How to Propagate Hylotelephium

These stonecrop succulents grow best when you plant and develop them in bulk. Outdoor settings are perfect for them because they attract butterflies, bees and hummingbirds too. All of them are excellent pollinators.

You can propagate them through stem cuttings or divisions. If you’re going for the former, get the cutting from newer stems because the older ones take a lot more time to grow roots. Get about 2-6 inches of the stem in the growing season and aim for early mornings or late afternoons. Remove the leaves, put them in a polythene bag with a damp towel so that the cuttings don’t get dry.

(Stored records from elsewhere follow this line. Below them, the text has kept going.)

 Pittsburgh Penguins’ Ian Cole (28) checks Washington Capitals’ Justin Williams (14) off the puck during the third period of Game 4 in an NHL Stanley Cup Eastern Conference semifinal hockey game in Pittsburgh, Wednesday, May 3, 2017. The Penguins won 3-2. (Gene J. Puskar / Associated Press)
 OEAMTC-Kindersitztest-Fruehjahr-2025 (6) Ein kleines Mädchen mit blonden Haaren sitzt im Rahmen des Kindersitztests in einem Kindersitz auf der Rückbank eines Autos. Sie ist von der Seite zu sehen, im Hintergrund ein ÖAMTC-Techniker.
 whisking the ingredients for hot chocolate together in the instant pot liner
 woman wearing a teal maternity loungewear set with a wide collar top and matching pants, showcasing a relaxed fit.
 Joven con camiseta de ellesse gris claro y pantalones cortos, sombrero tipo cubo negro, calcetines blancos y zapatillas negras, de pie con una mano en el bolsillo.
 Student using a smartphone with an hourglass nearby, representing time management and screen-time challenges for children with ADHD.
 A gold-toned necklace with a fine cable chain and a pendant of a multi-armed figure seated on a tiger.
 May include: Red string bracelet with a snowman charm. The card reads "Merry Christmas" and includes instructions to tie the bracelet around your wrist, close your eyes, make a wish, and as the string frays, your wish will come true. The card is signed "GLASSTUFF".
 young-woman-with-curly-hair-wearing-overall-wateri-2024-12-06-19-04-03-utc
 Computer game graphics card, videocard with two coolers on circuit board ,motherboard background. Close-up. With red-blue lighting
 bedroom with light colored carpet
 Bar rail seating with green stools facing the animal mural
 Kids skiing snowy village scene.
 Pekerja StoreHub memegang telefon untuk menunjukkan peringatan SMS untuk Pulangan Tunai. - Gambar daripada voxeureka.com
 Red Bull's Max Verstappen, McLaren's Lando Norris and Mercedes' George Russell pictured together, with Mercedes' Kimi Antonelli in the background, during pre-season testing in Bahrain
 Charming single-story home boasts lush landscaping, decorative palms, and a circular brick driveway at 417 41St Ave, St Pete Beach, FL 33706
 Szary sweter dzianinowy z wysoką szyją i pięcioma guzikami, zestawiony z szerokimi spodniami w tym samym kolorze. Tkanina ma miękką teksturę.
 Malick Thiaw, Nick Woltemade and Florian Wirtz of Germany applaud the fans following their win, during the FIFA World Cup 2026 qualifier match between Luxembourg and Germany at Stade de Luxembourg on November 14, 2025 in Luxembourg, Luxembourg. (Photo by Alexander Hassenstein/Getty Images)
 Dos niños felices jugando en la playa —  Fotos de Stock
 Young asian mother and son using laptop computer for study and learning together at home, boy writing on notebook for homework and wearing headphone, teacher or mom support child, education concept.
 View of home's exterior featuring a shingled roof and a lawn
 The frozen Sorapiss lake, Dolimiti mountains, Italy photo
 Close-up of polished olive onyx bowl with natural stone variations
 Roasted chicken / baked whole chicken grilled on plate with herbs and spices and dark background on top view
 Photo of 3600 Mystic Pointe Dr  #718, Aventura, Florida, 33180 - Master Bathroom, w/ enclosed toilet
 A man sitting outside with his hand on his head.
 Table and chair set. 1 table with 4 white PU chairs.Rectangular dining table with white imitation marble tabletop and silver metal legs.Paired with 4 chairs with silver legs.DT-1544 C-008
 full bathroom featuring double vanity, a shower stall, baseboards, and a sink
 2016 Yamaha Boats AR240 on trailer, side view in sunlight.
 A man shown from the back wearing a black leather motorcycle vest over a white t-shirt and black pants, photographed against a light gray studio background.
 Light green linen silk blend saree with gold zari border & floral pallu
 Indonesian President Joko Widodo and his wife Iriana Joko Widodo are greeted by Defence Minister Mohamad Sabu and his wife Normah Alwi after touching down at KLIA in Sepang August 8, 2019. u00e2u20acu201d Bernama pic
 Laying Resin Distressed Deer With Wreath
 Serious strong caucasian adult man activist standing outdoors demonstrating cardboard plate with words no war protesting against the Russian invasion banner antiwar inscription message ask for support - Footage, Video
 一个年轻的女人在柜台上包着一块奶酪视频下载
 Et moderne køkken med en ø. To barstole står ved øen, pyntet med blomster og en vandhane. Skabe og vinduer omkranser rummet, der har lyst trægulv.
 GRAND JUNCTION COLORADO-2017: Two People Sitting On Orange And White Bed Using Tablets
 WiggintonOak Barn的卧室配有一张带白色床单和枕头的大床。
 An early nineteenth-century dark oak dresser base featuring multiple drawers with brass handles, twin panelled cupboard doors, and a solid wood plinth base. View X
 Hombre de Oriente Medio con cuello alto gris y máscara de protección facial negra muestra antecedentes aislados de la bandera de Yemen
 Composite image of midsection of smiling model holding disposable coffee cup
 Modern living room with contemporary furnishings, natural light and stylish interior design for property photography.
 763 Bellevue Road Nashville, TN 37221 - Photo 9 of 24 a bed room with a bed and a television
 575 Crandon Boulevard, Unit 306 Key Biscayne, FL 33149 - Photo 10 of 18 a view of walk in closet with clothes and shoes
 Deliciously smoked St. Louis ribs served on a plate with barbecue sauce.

Plant them in well-draining soil and wait for the roots.

If you’re going for the divisions, do it when it is not too hot. Get a perimeter of the mother plant and lift it gently out of the soil. Even when getting the divisions with a knife or with your hands, be gentle. Plant them in well-draining soil and keep them moist until you see the roots grow.


Is Hylotelephium the Same as Sedum?

Hylotelephium used to be grouped as a Sedum but a new genus was created after it was noticed that some of the species in this category are very different. Stonecrops which have small leaves are still categorized as Sedum. But succulents with large leaves and thick roots are now called Hylotelephium.

But a lot of these plants are still sold as Sedum because the changes have not exactly been noted and executed.

Where Does Hylotelephium Grow?

If you’re talking about the soil, get a well-drained soil mix. If you’re talking about location, full sun is the ideal setting. If you’re talking about the time of the year, February to March is a good time to cut the seed heads. If you’re talking about the weather, hot and dry climate works best.